Article X—Amendments
1. Process
These bylaws may be amended only by a majority of the board of directors at any noticed meeting with at least two-thirds vote of the members voting.
2. October 23, 2014
Article III, Section 1 amended. Updated category descriptions. Removed Family category of membership.
Article III, Section 2 amended. Affiliate members may vote.
Article IV, Section 2 amended. Positions of president-elect and past-president created. President is elected for 3 years, coming in as president-elect, then moving to president, then moving to past-president. Modified terms of at-large members for the 11/2014 election so that at-large members will, in the future, be staggered as to when they come on and off of the board.

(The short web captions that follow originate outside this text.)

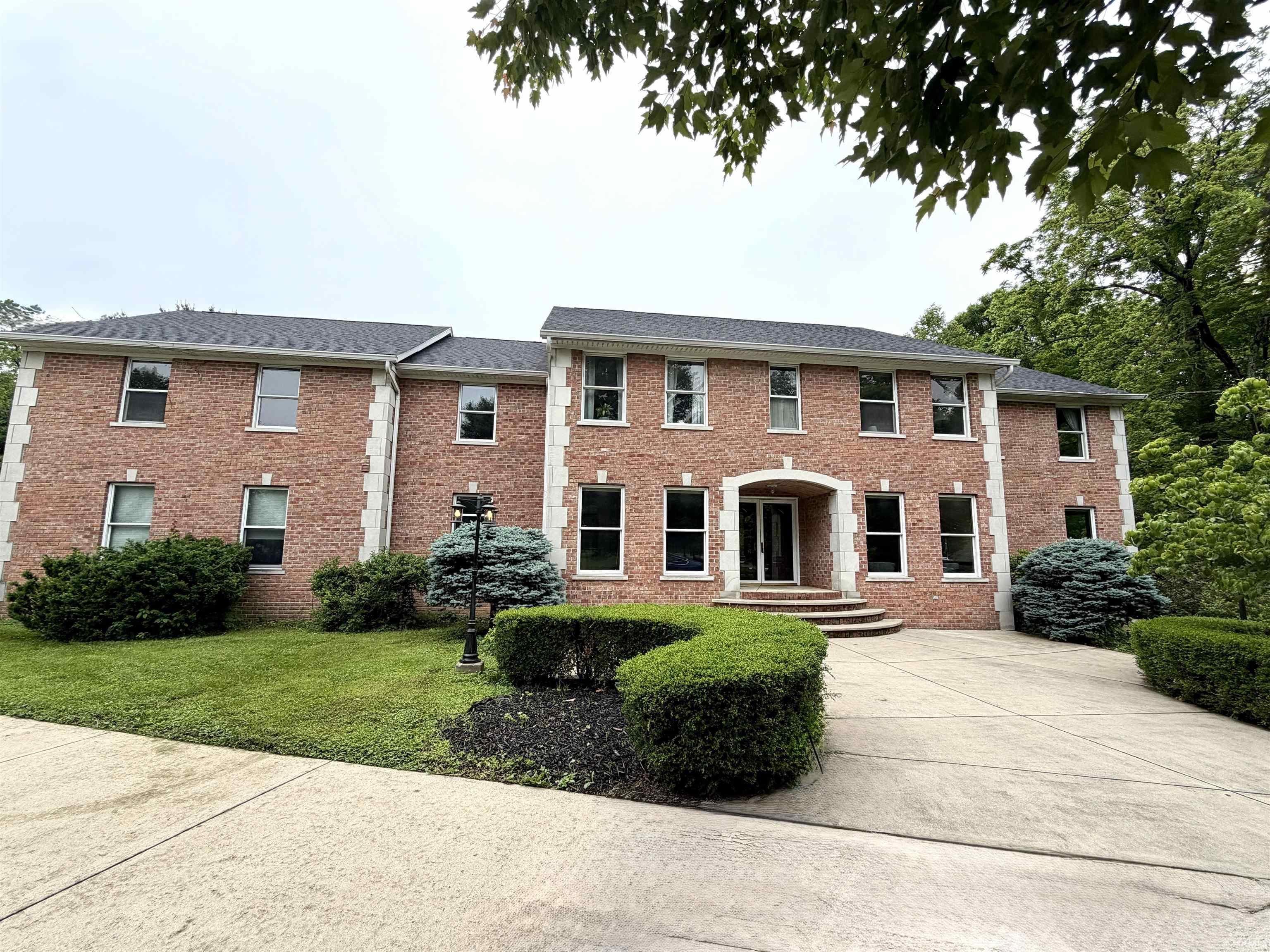 Image 0: Brick exterior featuring white window trim, a multi-pane front door, and a concrete driveway, Front Of Structure Image 0: Brick exterior featuring white window trim, a multi-pane front door, and a concrete driveway, Front Of Structure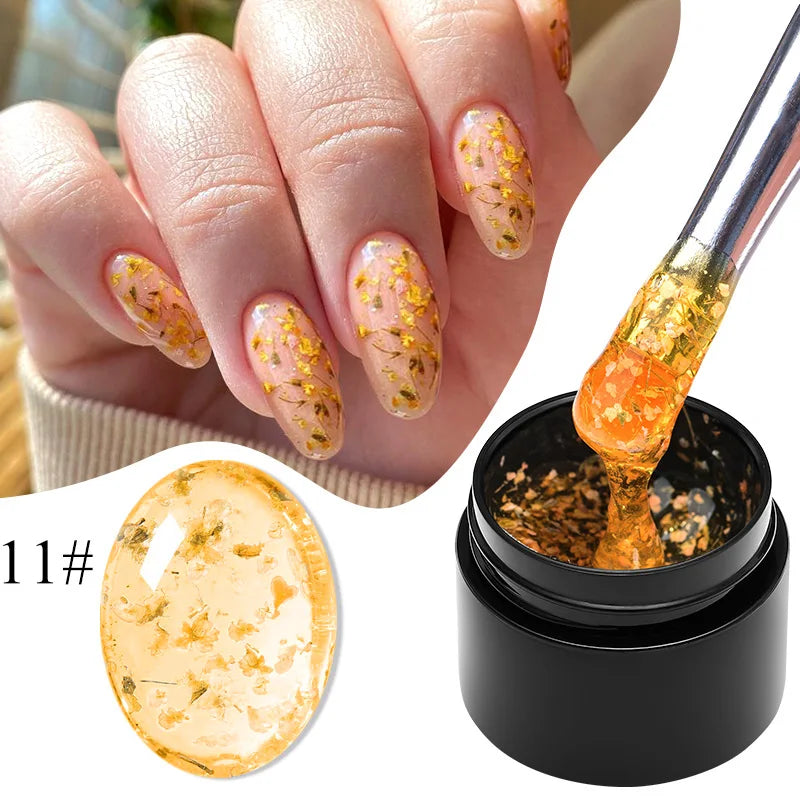 Flower fairy gel nail polish on nude nails with gold-orange dried flower flakes; jar shown
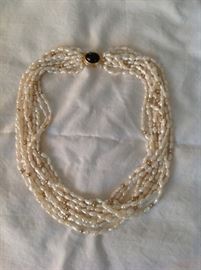 Multi strand pearl necklace with 14 kt gold clasp - 18" - $ 200.00 - Reserve established for this piece.
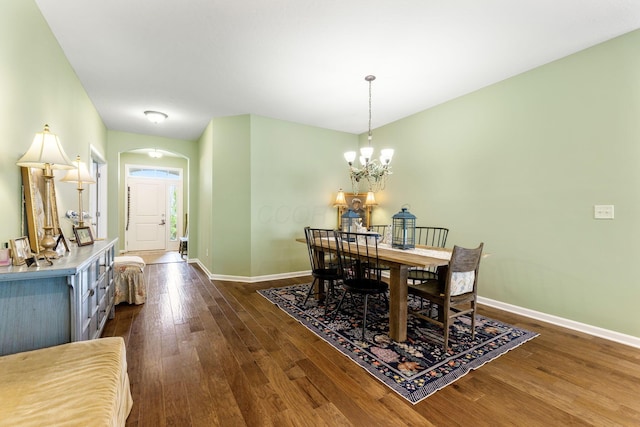 3736 Sanctuary, Hilliard, OH 43026 - dining room featuring arched walkways, dark wood-style flooring, and a chandelier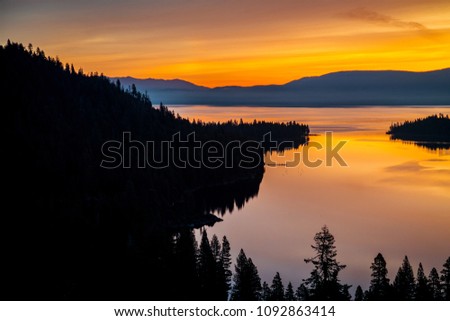 Brilliant golden reflections on Lake Tahoe sunrise shines across majestic waters and Sierra Nevada Mountains along pine forests and perfect landscape at Emerald Bay , Lake Tahoe , California , USA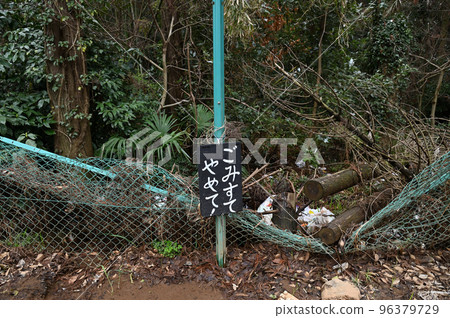A large amount of garbage dumped on the side of a dimly lit road A large amount of garbage dumped on the side of a dimly lit road 96379729
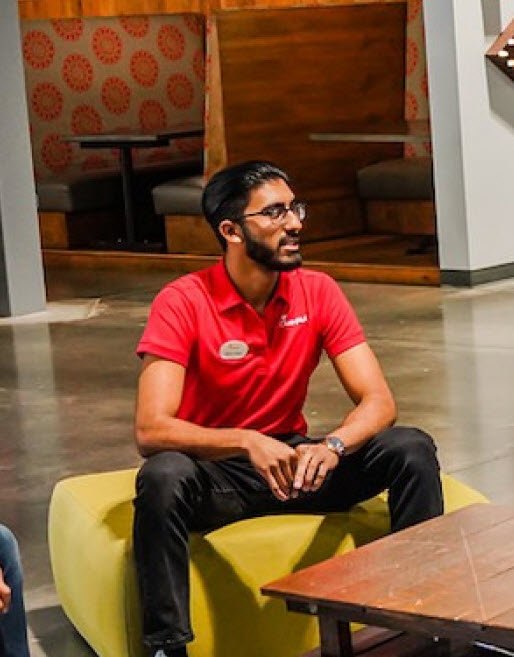 Chick-fil-A team member in red polo shirt seated in a casual workspace, engaged in conversation.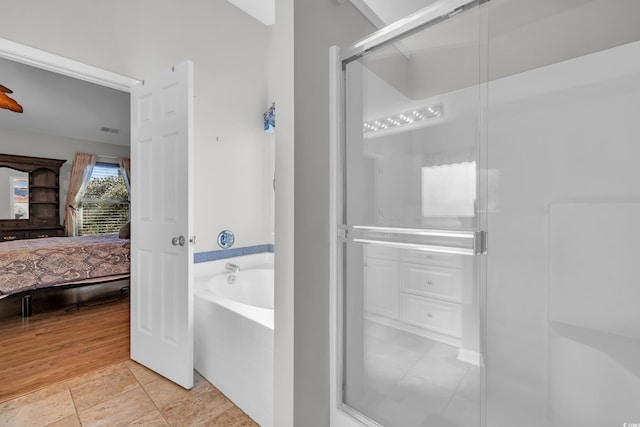 308 Dendy Ct, Myrtle Beach, SC 29579 - ensuite bathroom featuring a bath and a shower stall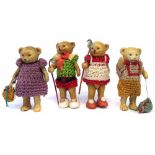 Hertwig four piece bisque Teddy doll family, with porcelain jointed legs and arms, the tallest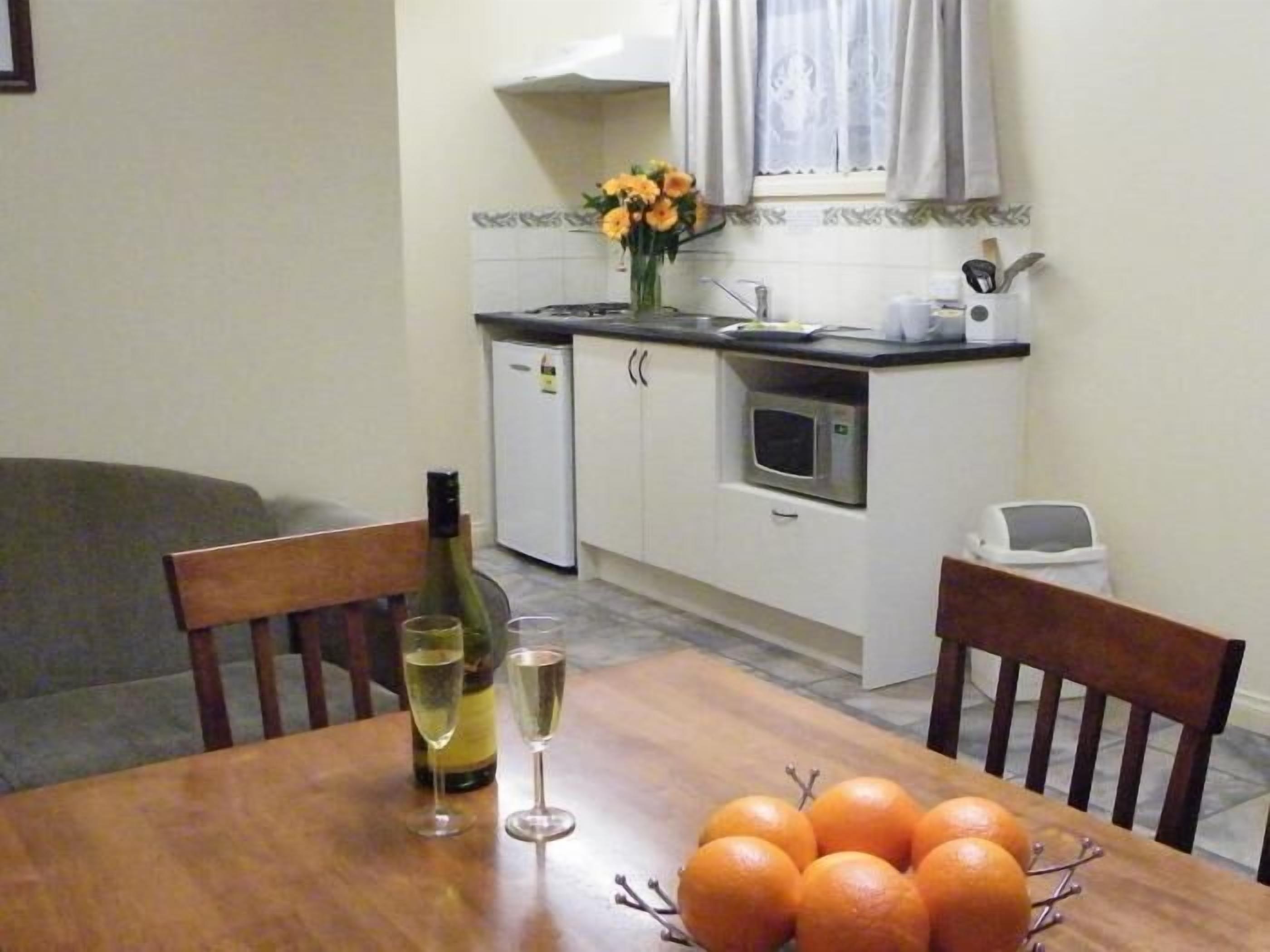 A dining table with two wine glasses and a bottle, a bowl of oranges, and a kitchen in the background.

Exceptions for 2014 Elections
In order to accommodate changes to terms in the bylaws and to stagger future open positions, the election to be held in Nov, 2014 is approved by the board to be conducted with the following terms and positions. There will be no past president for one year. In order to fulfill the executive committee, the president may appoint one of the members at large to serve in that capacity for one year. A president will be elected to serve one year and to remain as past president the following year. One at large position will be a three year term only for the 2014 election in order to stagger future openings.
3. January 8, 2015
Article VI, Section 1 amended. Affiliate members may vote and nominate. This was voted on 10/23/2014 but was changed only in Article II, Section 2. This revision brought the by-laws into alignment with the 10/23/2014 vote.
Article VIII, Section 1 amended. Chairs of committees shall be full members of Iowa ABA.
4. April 9, 2015
Article III, Section 1 amended to make more clear that Full Member status is appropriate for any of the listed certifications or a relevant graduate degree.
Article VIII, Section 1-5 amended. Language stating that the chair of committees is board-appointed was present in Sections 2-5 (each individual committee). To be more concise, that language has been moved to Section 1. Chair terms of service (1 year) was added to Section 1.
5. July 10, 2018
Article IV section 1 amended to divide secretary-treasurer to two roles, secretary and treasurer.
Article IV section 2 amended to add length of student board member at 1 year.
Article IV section 3 amended to reflect the division of the secretary and treasurer roles.
Article V section 1 amended to divide secretary-treasurer to two roles, secretary and treasurer, and add a student member to the composition of the board.
Article VI section 2 amended to reflect that a student board member must also be a student member of Iowa ABA. Language was removed indicating the student board member could be appointed, but is not a voting member. The student board member will be a voting member.
6. July 9, 2020
Article IV section 4 amended to add word “shall” to provide the option of board to replace an officer when necessary.
7. October 7th, 2020
Article IV section 1 amend to add wording to reflect additional board members
Article IV section 3 amend to reflect secretary and treasurer duties
Article VI section 1 amend to add students and treasurer
Article VIII section 8 amend to reflect duties of conference committee
Article VIII section 6 amend to add financial committee
8. April 9, 2025
All articles updated for clarity and to allow electronic methods for voting, ballots, and other
business. Board composition and terms changed. Membership committee merged with
publication committee. Renamed program committee to conference committee.